(Stored dataset items)
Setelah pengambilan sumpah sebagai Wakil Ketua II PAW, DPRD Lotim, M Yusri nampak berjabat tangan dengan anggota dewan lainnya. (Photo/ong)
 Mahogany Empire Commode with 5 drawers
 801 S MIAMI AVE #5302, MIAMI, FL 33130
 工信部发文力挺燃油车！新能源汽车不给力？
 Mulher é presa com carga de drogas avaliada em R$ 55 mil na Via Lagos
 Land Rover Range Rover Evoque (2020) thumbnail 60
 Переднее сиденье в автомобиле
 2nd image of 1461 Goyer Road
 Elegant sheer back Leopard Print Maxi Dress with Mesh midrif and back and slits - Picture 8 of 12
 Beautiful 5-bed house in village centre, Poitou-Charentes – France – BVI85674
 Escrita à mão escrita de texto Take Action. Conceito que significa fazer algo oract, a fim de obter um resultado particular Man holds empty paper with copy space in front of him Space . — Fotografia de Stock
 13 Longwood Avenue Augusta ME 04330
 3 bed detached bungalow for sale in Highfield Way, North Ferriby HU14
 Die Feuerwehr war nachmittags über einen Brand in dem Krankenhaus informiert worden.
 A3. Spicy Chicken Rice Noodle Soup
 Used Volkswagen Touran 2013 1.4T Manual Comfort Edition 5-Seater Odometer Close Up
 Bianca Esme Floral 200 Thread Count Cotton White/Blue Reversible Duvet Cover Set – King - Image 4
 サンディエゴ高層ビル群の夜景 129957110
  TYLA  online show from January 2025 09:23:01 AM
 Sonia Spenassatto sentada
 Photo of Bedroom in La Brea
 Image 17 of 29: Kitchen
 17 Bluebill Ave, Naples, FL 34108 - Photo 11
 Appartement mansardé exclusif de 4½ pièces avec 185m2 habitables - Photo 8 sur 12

**Task details**
Search the data above for the word "with". Copy each line it is in.

**Exercise output**
 Mahogany Empire Commode with 5 drawers
 Elegant sheer back Leopard Print Maxi Dress with Mesh midrif and back and slits - Picture 8 of 12
 Escrita à mão escrita de texto Take Action. Conceito que significa fazer algo oract, a fim de obter um resultado particular Man holds empty paper with copy space in front of him Space . — Fotografia de Stock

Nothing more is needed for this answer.